İstanbul'da 33 yıl bilişim sektöründe yönetici olarak çalıştıktan sonra 2012'de emekli olan Serap Göke, 2.5 yılda Türkiye'yi güneyden kuzeye, doğudan batıya, baştan başa gezdi. Ardından dünyayı keşfetmeye karar verdi. 8 yılda tam 72 ülkeye gitti. Çin'den Tibet'e 5 bin metre yükseklikte yolculuk yaptı, Fas'ta Sahra Çölü'nü geçti. Zorlu dağlara tırmandı, dünyanın sonu veya dibi olarak adlandırılan Arjantin'in en güneyi Ushuaia'ya ulaştı. Yolculuk yapmayı yaşam tarzına dönüştürmüş bir gezgin olan Göke'nin en önemli özelliği ise 'doğanın sesini duymak' için tek başına yola çıkması.

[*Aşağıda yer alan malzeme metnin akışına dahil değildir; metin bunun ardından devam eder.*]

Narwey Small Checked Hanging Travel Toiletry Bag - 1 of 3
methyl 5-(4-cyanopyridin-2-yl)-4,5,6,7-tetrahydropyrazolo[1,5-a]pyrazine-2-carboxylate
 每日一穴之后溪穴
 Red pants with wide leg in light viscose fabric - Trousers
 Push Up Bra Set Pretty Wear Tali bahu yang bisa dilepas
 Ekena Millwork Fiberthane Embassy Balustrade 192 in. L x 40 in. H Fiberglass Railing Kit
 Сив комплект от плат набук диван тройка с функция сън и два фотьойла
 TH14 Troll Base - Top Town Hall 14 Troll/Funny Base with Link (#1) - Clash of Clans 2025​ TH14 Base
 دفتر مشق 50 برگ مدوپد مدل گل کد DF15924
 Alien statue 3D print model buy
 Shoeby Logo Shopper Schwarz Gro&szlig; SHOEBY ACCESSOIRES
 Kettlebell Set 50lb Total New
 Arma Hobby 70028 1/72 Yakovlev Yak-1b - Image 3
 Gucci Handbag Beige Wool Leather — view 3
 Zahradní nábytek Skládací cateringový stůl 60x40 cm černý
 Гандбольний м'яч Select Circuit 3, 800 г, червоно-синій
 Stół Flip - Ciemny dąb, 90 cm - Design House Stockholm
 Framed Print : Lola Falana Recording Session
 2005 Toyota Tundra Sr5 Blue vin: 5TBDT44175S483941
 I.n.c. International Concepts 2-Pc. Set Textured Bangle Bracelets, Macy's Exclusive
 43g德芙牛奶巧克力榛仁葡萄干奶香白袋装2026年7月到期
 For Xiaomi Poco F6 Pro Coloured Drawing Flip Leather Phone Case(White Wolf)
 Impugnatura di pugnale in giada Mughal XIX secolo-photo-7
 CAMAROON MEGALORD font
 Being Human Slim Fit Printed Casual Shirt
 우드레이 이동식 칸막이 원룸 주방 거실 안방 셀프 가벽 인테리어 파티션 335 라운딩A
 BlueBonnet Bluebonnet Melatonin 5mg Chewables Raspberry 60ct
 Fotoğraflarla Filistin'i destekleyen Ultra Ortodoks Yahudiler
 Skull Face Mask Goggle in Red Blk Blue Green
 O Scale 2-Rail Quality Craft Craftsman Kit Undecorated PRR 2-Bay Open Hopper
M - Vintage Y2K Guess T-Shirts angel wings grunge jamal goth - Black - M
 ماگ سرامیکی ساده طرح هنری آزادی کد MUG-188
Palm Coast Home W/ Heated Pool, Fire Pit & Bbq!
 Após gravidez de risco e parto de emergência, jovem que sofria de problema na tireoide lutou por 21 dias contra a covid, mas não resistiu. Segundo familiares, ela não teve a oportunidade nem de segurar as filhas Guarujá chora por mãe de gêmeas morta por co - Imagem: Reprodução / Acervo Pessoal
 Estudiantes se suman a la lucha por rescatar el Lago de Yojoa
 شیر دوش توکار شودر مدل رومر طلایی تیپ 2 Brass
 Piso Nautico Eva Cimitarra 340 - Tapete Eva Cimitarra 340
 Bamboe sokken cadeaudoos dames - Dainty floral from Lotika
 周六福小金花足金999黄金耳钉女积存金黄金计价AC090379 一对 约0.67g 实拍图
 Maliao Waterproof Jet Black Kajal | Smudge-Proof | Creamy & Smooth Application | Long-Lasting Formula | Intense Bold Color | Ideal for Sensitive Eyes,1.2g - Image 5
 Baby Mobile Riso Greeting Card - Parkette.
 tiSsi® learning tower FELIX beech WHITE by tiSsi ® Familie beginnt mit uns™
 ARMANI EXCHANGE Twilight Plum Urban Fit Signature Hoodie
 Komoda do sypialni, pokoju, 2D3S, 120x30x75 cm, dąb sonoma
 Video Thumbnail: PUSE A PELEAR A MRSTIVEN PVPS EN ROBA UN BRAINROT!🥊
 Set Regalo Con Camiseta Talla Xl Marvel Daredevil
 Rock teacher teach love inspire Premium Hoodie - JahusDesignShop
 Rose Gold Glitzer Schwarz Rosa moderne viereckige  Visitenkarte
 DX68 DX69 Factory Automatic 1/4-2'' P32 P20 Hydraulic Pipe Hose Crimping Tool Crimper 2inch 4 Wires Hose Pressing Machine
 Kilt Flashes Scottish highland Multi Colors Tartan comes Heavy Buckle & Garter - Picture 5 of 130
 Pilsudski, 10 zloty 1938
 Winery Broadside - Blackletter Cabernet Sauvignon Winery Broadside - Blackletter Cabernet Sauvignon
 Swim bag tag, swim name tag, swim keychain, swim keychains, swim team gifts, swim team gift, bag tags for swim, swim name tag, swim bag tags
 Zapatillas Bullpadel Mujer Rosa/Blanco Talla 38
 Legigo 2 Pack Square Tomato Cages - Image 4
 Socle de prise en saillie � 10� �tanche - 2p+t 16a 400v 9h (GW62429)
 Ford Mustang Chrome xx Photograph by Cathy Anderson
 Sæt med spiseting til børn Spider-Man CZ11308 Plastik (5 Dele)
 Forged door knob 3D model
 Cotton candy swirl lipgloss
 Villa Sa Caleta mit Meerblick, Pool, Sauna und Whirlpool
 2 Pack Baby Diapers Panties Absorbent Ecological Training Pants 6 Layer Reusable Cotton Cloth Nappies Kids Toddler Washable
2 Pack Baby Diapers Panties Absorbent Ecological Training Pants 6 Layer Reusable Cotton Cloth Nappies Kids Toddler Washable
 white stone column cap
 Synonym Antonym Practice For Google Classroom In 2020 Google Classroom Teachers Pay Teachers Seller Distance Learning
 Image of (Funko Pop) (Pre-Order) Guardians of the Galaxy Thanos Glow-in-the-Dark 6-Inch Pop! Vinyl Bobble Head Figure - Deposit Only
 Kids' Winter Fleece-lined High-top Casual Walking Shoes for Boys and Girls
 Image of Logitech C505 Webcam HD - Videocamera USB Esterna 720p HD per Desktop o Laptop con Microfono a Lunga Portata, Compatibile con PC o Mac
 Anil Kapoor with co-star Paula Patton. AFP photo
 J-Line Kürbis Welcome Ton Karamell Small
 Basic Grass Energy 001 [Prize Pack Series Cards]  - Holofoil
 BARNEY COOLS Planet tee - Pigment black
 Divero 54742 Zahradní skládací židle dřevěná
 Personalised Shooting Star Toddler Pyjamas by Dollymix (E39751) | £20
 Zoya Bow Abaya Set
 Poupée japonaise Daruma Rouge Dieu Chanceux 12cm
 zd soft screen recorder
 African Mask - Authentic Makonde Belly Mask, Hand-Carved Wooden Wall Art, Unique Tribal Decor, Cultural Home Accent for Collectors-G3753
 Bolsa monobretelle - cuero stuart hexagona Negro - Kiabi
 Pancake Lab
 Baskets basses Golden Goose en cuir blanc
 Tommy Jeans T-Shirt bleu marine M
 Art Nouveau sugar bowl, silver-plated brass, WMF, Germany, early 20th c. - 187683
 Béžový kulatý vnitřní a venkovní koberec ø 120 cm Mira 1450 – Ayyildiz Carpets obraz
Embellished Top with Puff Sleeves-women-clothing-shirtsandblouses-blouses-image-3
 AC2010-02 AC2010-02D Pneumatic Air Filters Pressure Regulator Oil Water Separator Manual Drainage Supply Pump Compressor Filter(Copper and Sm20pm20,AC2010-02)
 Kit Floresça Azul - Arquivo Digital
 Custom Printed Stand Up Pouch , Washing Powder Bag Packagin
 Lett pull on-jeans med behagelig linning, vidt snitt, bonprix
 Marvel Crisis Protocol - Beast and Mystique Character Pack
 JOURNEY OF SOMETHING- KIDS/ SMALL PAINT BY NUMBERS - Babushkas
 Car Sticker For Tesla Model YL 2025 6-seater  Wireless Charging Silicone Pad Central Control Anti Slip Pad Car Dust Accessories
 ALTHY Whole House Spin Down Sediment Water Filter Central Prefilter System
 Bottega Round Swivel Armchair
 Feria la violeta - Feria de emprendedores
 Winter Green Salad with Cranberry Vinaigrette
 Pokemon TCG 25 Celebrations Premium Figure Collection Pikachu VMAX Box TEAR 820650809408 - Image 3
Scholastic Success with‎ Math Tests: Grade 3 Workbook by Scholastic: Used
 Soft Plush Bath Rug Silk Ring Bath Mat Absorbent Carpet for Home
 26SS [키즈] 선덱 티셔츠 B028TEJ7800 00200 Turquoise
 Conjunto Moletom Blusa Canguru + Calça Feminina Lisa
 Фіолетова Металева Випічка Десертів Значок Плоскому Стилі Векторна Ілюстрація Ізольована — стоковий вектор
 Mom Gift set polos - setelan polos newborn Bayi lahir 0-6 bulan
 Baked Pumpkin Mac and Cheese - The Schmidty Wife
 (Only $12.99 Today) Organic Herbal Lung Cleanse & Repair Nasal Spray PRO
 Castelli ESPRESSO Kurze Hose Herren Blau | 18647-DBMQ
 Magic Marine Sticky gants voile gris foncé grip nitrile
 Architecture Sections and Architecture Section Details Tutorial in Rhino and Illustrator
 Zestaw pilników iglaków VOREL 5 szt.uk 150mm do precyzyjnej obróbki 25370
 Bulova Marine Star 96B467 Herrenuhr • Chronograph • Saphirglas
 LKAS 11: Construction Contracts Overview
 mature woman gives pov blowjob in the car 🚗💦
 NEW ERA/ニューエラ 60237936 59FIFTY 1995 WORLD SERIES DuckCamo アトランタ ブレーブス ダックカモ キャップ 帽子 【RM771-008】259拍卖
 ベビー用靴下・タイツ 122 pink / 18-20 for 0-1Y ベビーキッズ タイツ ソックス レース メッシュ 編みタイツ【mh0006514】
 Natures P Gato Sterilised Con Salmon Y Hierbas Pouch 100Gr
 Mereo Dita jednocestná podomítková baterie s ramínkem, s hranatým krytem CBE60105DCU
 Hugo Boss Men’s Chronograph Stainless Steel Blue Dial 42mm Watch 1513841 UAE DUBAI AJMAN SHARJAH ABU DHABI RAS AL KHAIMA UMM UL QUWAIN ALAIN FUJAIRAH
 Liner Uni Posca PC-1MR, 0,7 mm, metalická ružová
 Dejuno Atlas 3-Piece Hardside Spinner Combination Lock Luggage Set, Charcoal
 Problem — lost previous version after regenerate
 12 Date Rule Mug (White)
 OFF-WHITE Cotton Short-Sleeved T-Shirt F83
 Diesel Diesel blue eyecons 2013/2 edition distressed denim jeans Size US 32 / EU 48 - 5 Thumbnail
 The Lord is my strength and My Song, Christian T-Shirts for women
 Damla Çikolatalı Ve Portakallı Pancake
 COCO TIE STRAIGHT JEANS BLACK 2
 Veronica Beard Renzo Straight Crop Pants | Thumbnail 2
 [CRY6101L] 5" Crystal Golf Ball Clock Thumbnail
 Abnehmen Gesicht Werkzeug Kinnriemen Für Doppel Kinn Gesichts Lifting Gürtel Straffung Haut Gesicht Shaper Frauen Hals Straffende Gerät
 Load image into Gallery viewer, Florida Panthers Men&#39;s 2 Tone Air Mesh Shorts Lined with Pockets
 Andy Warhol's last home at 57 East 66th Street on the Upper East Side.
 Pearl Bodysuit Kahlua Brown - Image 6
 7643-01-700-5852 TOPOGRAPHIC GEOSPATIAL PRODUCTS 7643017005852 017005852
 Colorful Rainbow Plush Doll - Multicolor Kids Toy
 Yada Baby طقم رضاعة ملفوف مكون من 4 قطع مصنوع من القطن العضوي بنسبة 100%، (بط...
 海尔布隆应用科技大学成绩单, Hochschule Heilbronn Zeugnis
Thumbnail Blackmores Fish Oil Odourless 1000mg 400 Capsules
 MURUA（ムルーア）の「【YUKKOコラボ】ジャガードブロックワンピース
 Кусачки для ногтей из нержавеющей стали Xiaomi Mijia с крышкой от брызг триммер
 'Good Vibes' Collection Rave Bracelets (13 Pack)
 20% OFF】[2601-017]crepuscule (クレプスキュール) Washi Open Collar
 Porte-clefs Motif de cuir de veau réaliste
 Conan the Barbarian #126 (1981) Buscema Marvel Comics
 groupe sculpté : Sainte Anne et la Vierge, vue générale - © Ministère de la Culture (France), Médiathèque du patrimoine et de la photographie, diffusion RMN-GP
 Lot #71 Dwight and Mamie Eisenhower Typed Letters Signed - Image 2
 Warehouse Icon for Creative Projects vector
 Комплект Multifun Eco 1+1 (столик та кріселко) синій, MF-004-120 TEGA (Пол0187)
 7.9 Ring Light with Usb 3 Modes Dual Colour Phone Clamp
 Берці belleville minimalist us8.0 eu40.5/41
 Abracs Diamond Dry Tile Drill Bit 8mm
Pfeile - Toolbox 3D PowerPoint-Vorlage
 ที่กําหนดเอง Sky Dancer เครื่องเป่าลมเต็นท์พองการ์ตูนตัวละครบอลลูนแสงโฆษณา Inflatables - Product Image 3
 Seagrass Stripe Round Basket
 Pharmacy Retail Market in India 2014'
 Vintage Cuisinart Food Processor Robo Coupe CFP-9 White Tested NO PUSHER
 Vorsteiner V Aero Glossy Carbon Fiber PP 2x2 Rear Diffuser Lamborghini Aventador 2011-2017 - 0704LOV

OTOSTOPLA YOLCULUK YAPIYOR
Gittiği yerlerde otostop çekerek gezen Göke'yi, bir gölün kıyısında çadır kurarken, bir kamyonda veya bir iş makinesinin kepçesinde yolculuk yaparken görmek mümkün. Gideceği ülkeye uçak biletini aylar öncesinden alıyor. Ülkeye ulaşınca da toplu ulaşım aracı otobüs, minibüs kullanıyor. "Korkmuyor musun?" sorusuna 'hayır' yanıtını veren Göke, "Yalnız bir kadın olarak, seyahat için öncelikle bir altyapı oluşması gerekiyor. Özgürlük duygusu ve cesaret yeterli değil.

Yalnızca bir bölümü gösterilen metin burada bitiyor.